The first greeting of Jesus after his resurrection was: "Fear not; it is I." He had already used that same greeting in his encounter with Peter on the water. The real enemy of his mission and message would be fear, not sin. Fear is the enemy of faith. A young lady said to me recently, "Most suffering in our world is caused by small, fearful men." She knew what she was talking about, I think. Furtive affairs are conducted because fellows haven't the courage to tell their wives or their partners that they have fallen in love with someone else. Of course it can operate the other way too. Fear and a lack of generosity is at the root of most evil and suffering. Beckett has a striking judgement to make: "It was in the lost childhood of Judas that the Son of Man was betrayed." It was lack of faith that led to Peter's sinking.
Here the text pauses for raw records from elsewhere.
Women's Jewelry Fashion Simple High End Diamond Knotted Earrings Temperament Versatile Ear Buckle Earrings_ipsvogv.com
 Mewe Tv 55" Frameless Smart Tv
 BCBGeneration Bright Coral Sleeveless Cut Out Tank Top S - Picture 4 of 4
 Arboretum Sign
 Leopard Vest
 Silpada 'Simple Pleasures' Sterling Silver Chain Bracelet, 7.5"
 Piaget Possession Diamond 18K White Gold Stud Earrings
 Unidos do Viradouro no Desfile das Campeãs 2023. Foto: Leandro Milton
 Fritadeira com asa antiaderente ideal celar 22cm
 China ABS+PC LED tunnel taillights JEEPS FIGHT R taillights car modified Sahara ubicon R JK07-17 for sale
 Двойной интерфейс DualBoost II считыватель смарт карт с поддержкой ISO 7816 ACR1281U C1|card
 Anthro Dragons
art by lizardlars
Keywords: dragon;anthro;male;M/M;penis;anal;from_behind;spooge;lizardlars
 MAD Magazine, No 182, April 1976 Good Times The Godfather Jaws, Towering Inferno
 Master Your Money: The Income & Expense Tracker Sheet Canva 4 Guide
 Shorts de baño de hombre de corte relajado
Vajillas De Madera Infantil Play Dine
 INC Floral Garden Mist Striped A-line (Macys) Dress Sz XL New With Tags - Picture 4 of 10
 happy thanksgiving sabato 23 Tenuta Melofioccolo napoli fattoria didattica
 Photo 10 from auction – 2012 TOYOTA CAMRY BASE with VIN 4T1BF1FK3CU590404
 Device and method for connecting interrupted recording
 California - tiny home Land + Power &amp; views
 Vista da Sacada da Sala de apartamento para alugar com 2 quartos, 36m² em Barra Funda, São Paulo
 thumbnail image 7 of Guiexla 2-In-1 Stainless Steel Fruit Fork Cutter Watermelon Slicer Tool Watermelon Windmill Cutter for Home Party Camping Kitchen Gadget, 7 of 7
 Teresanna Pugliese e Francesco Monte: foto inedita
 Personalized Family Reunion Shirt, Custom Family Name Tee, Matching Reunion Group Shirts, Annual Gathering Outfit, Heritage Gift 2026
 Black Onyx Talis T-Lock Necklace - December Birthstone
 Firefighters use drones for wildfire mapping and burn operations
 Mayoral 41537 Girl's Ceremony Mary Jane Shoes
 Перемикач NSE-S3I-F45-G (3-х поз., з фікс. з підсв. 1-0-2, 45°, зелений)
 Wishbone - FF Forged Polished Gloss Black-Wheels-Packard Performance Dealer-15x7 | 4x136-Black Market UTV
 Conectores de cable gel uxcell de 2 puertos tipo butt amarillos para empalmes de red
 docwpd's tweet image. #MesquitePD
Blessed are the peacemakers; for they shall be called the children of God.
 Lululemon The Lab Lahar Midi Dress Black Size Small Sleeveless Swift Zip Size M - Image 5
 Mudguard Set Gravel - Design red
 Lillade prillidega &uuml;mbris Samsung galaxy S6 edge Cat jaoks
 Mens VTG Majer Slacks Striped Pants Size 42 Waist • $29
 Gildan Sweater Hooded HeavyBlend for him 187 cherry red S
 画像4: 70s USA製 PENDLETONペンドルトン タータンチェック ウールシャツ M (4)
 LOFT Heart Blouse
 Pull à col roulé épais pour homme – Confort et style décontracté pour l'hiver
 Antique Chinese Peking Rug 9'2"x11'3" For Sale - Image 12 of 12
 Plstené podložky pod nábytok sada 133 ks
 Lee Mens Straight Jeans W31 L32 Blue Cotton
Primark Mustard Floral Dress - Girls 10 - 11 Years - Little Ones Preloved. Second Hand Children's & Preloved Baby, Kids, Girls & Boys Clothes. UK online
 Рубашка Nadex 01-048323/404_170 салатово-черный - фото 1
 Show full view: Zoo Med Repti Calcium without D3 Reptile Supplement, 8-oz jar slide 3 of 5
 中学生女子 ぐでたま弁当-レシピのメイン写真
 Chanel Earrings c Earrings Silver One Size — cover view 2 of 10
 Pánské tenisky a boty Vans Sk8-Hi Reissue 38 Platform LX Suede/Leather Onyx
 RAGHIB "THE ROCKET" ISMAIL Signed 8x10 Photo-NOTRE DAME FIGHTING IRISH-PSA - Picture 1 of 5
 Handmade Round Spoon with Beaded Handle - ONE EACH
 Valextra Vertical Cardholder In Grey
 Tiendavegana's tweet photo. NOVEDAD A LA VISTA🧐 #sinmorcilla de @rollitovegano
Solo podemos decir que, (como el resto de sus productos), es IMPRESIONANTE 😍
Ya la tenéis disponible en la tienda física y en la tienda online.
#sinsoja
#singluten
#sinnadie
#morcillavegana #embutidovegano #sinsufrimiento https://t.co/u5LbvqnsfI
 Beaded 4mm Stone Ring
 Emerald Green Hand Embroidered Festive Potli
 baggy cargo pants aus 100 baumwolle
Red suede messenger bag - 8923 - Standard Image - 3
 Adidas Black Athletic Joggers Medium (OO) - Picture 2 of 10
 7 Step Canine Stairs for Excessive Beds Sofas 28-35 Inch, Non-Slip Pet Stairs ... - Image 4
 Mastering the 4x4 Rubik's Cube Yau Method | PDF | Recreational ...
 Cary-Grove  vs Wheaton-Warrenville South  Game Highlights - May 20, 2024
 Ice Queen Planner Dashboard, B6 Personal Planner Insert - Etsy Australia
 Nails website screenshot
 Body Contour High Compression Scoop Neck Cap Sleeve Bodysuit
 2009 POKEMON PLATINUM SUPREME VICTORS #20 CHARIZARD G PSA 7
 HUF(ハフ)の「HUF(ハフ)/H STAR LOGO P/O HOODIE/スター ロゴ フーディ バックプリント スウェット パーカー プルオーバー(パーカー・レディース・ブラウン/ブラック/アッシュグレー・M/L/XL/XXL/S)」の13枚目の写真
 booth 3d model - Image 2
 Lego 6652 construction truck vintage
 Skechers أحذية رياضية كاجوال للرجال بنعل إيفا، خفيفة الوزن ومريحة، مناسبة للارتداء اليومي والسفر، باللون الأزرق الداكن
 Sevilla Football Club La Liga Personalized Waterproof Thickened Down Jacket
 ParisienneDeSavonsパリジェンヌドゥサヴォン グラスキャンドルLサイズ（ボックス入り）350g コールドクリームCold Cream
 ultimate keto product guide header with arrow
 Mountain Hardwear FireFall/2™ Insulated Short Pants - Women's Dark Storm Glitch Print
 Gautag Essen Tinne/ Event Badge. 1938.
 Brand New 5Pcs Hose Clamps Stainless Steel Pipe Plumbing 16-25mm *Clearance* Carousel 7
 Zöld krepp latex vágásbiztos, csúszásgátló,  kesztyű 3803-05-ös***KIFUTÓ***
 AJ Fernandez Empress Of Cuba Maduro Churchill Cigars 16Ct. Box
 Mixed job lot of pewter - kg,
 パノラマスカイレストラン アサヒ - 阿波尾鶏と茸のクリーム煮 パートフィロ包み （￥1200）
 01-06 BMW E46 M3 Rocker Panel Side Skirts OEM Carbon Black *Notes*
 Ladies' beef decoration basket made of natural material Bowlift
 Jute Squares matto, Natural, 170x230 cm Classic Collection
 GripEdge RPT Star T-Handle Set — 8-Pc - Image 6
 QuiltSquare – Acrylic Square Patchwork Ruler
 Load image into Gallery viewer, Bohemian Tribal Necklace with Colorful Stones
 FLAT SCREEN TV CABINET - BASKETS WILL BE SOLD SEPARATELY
In the Catholic tradition we have understood faith in a very restricted way. We traditionally identified faith as giving mental assent to a prescribed set of dogmas. But faith is a much broader thing than that, and much more demanding and challenging too. It means trusting Jesus as you would a close friend. It is a willingness to trust in the vision of Jesus, to view life in the positive way in which he viewed it, to be positively open to people as he was open to them. To have a positive view of the human condition, to trust his plan for the regeneration of the world through love. And to recognise that all who are willing to take the risk are welcome to be part of that plan. All of us, because of or genetic make-up and our circumstances, will be will be challenged in different ways by that vision. It will make different demands on you that it will on me. And none of us can expect to have the clarity of vision that Jesus himself had. His vision will be difficult to follow in difficult time; it is difficult to subscribe to his elevating vision when we are in the depths of grief. And yet, ironically, it is often his elevating vision that does sustain people in their grief.
Every Christian then is asked to step out on the lake with Jesus, to shed our fears on the pagan shore. If fact, the alternatives are not very attractive. What other option have we if we are to live full, abundant lives? It is interesting the number of times that he actually taught them from the middle of the inviting lake.